● **INSTRUCTIONS FOR THE TASK**
Print the records below word for word, beginning with the first line and ending once the line containing "Fototapeta premium Scenic" is printed.

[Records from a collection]

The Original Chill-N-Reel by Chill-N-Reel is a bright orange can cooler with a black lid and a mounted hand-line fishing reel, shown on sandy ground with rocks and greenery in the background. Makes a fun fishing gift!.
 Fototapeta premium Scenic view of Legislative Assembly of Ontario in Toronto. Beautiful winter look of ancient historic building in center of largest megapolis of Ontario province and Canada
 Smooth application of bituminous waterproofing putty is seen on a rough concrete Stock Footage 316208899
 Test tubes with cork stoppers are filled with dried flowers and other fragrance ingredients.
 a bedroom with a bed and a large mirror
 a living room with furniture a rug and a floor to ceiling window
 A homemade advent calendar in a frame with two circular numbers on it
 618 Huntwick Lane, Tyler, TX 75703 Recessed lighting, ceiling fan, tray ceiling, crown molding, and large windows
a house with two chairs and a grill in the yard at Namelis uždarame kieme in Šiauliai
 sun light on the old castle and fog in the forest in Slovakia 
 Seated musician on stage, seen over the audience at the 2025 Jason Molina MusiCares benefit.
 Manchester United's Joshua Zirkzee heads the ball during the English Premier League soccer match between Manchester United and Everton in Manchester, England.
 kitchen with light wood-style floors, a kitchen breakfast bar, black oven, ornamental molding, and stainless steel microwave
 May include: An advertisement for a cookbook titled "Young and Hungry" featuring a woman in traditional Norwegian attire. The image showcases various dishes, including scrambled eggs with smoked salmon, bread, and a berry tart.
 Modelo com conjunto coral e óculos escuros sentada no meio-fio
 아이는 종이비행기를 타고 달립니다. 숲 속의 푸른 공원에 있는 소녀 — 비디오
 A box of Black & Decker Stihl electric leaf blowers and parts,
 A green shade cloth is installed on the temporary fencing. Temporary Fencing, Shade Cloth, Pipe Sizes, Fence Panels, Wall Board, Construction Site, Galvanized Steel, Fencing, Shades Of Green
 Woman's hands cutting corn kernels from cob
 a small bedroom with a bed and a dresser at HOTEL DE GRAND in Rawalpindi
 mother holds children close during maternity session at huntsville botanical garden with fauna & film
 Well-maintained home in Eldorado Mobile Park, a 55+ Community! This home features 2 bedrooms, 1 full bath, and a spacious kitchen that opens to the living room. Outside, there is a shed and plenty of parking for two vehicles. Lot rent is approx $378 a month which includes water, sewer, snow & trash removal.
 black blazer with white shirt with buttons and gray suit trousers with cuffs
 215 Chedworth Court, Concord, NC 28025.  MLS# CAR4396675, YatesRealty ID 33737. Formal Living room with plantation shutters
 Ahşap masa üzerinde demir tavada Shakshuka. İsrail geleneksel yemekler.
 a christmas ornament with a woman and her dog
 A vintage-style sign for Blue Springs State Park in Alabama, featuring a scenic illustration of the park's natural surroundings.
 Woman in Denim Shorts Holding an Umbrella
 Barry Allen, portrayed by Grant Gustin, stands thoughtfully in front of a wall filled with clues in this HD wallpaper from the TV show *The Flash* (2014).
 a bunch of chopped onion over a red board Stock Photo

● **SOLUTION TO THE EXERCISE**
The Original Chill-N-Reel by Chill-N-Reel is a bright orange can cooler with a black lid and a mounted hand-line fishing reel, shown on sandy ground with rocks and greenery in the background. Makes a fun fishing gift!.
 Fototapeta premium Scenic view of Legislative Assembly of Ontario in Toronto. Beautiful winter look of ancient historic building in center of largest megapolis of Ontario province and Canada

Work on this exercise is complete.